Old stuff is always heading off out of sight: buildings are demolished, tunes are forgotten and old books stop being read. Part of being alive is wending a way through what’s worth saving and what might as well be junked. In the world of books, there is a constant sifting and re-evaluation going on as academics, punters, professional interest groups, bibliophiles, librarians, teachers, antiquarians and others shunt the manuscripts, old books, facsimiles and newly edited texts to and fro, in and out of specialist journals, lectures, radio and TV programmes, theatre and film stagings. To my mind, it’s all rather wonderful, offering a mix of insights into past lives and civilisations along with fanatical enthusiasms, rivalries and staked out territories. In recent years, there have been excruciating battles over James Joyce, Franz Kafka and John Clare. Every so often, there are amazing discoveries: in the nineteenth century archaeologists found a long lost play by Euripides in what was really an ancient dustbin while others found texts of the epic of Gilgamesh written on clay tablets on the floor of an ancient palace in Iraq and an adventurer found an almost complete text of an ancient Bible in a monastery in Sinai.
It’s in these kinds of contexts – and many others – we have the bundle of books we call the King James Bible. If you are of a certain age, many of its passages are familiar. All you had to do was sit in assemblies, carol concerts, and RE lessons (called RI for Religious Instruction, in my day), and its words, phrases and cadences washed over you. If you fancied going in for a bit of public reading, then the chances are you were given a passage from that Bible to recite… ‘There went out a decree from Caesar Augustus that all the world should be taxed…’ ‘In the beginning was the word…’ I can’t speak for private education, but the state education system as I received it, was full of what that Bible had to say.

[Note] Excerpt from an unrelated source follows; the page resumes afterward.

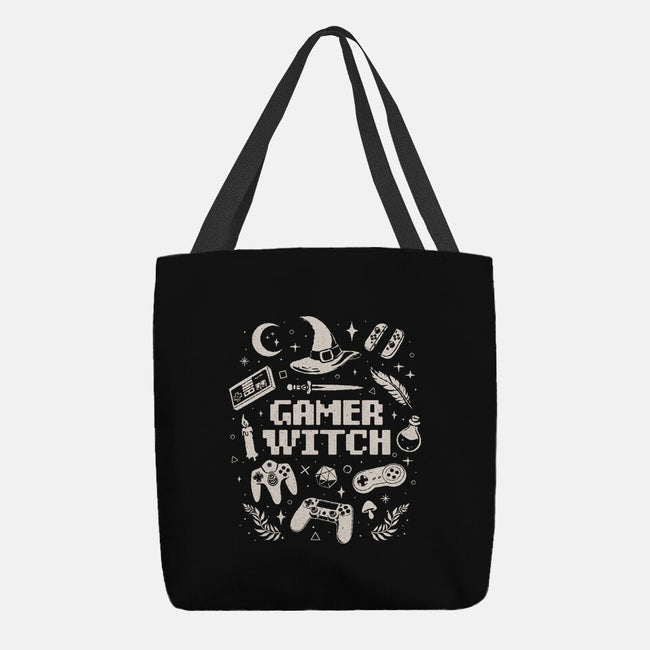 Gamer Witch-None-Basic Tote-Bag-eduely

If, as I did, you found yourself studying English Literature then a good deal of it post-1611 seemed to negotiate all this too. Metaphysical poets, Milton, Bunyan, the Romantics and on to T S Eliot used it as a hoard of ideas, phrases and as a reference point that they could assume would ring bells with their readers. People outside of this circle could find themselves in a spot of bother here. My father had no Christian education but, in the late 1930s opted to study Eng Lit. He needed to swot up on this biblical stuff, so he popped into a place on the Whitechapel Road in London’s East End, where he lived, called the ‘Mission to the Hebrews’. So what with him being a Hebrew and in need of what the Mission had to offer, he was able to acquire, thanks to the folks inside, a good supply of the texts he needed. Though he didn’t convert, he did become an enthusiast for the sound of what he read and could be heard round the house singing ‘The Lord’s my shepherd…’ or chanting Ecclesiastes’ ‘There’s a time for…’
A re-hash of translations
In fact, there are probably very, very few speakers of English who can totally avoid speaking King James-ese, unless you never say girded loins, whited sepulchre, feet of clay, land of milk and honey, reap the whirlwind, cry in the wilderness, threescore years and ten, love thy neighbour, through a glass darkly, the valley of the shadow of death and many, many more. Not all of them first appeared in the KJB (as good bibliophiles call it!), as it was in some ways a re-hash of the translations that appeared before it: Wycliffe, Coverdale, Tyndale and the ‘Bishops’ Bible’ of 1568. What happened was that the ‘wisest foole in Christendome’, King James, was holding a politico-religious conference at Hampton Court in 1604. He was under pressure from the Puritans to alter the Church of England so that it would, as it were, sing from their hymn sheet. Rather than give in to them, he offered to commission a new translation of the Bible. By the time it was published in 1611, some 50 translators had been involved and, if accounts are true, this team compared the ancient texts in Hebrew, Greek and Latin with translations that had appeared in English, French, Spanish, Italian and perhaps others.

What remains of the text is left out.